We’re then lucky enough to be treated to a motivational masterclass from Rosco who the cameras catch encouraging Mads Korneliussen before heat 10 by screaming at his helmet, “Come on! Let’s have it! Come on! Come on!” as though he’s decided to conduct his own late audition for a role in the Cardiff GP adverts. With the score at 34-25 Jonathan and Kelvin wear the pained expressions of people who have lost a winning lottery ticket. They grumble “we’ve seen a lot of this sort of thing this season” – “yeh, it gets to heat 10 and it’s difficult to see how a team can come back”. There’s nothing for it but to repeat the usual Sky Sports Speedway tactic and pretend future (mediocre) prospects are fantastic.
[JG] “Fast field in heat 13 – that’s something to look forward to.”
[KT without a hint of emotion in his voice] “Yeh that should be a special race.”
[JG] “I’ve just heard from Sarra – Trevor Swales is talking it up like we are!”
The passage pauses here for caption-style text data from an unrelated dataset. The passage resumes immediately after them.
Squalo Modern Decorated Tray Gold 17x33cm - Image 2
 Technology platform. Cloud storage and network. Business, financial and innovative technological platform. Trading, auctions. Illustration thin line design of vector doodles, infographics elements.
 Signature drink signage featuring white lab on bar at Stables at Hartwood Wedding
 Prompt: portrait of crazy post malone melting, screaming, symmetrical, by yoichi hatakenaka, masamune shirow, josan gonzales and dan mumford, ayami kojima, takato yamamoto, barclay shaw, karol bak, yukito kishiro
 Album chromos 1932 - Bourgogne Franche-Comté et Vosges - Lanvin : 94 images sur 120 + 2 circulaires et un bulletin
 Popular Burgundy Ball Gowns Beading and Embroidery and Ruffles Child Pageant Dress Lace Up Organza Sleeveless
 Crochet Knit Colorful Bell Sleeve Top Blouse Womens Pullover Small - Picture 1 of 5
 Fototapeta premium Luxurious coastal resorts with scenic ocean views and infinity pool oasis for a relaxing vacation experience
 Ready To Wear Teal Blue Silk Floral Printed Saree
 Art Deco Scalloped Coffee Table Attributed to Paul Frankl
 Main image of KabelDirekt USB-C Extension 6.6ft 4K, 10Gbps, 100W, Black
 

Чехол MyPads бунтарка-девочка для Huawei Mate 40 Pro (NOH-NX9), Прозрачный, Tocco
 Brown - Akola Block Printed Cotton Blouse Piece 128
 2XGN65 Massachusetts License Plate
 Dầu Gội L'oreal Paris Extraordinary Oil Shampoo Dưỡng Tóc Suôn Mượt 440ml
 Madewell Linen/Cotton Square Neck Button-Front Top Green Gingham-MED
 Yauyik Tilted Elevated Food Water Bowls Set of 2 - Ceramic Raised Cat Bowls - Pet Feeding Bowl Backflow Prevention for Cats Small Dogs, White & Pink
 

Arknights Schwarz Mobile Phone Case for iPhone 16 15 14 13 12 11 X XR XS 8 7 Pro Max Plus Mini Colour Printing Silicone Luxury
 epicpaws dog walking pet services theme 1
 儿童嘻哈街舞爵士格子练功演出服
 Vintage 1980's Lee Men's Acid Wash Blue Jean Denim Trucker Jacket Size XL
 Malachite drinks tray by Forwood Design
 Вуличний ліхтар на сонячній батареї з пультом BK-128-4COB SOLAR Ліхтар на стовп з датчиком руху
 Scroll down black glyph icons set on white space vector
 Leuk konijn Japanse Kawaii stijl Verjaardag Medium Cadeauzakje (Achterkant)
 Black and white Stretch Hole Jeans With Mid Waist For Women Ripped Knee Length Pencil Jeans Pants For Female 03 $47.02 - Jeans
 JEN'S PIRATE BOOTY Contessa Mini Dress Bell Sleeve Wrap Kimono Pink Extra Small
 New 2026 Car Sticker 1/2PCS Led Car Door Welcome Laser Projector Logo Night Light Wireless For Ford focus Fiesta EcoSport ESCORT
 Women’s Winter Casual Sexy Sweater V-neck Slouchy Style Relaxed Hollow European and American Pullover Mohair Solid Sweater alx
After Nigel has claimed “Hans Andersen – one of the most colourful characters in the sport”, Johnno skilfully brings the bike theme back into the commentary equation, “you can see he’s happy to be back on his own bike”. In the pits Sarra checks this theory out, “Hans – happy to be back on your own bike?” and learns, “yeh, I felt a bit more comfortable”. It’s practically all done and dusted so Nigel cranks up the juice, “an interesting, exhilarating night of speedway in front of a highly charged crowd” and then indulges himself with surreal debates with imaginary critics, “who says Leigh Adams does all his work in an armchair blasting away from the start?” Logically we should consider, ‘how would Hans do if he had to borrow someone else’s armchair?’ No meeting would be complete without Johnno using his own unique pronunciations and fortunately we get a late gem, “watch Charlie GEDDIE”.
Jonathan flickers a smile across his careworn expression, “these fans are going to go home with a warm feeling in their hearts” –it’s an unfortunate choice of metaphor when the start of heat 15 has been delayed by the absence of medical cover because the staff have been called to attend a heart attack victim in the crowd. Capably filling this unexpected delay with anodyne blather masquerading as insight, Jonathan looks ahead to the forthcoming schedule of Sky televised speedway meetings for May with the Kelvmeister, “any last heat deciders – please tell me so?” Before he momentarily brightens and says, “I’m looking forward to seeing some Premier League action, actually” in a hushed but knowing conspiratorial voice that makes it sound we’ll be treated to some raunchy Sapphic pornography. He then goes on to discuss the GP’s and Scott Nicholls broken thumb before he admonishes the imaginary doubters by addressing Kelvin in a knowing voice, “don’t ever underestimate what these tough boys do!”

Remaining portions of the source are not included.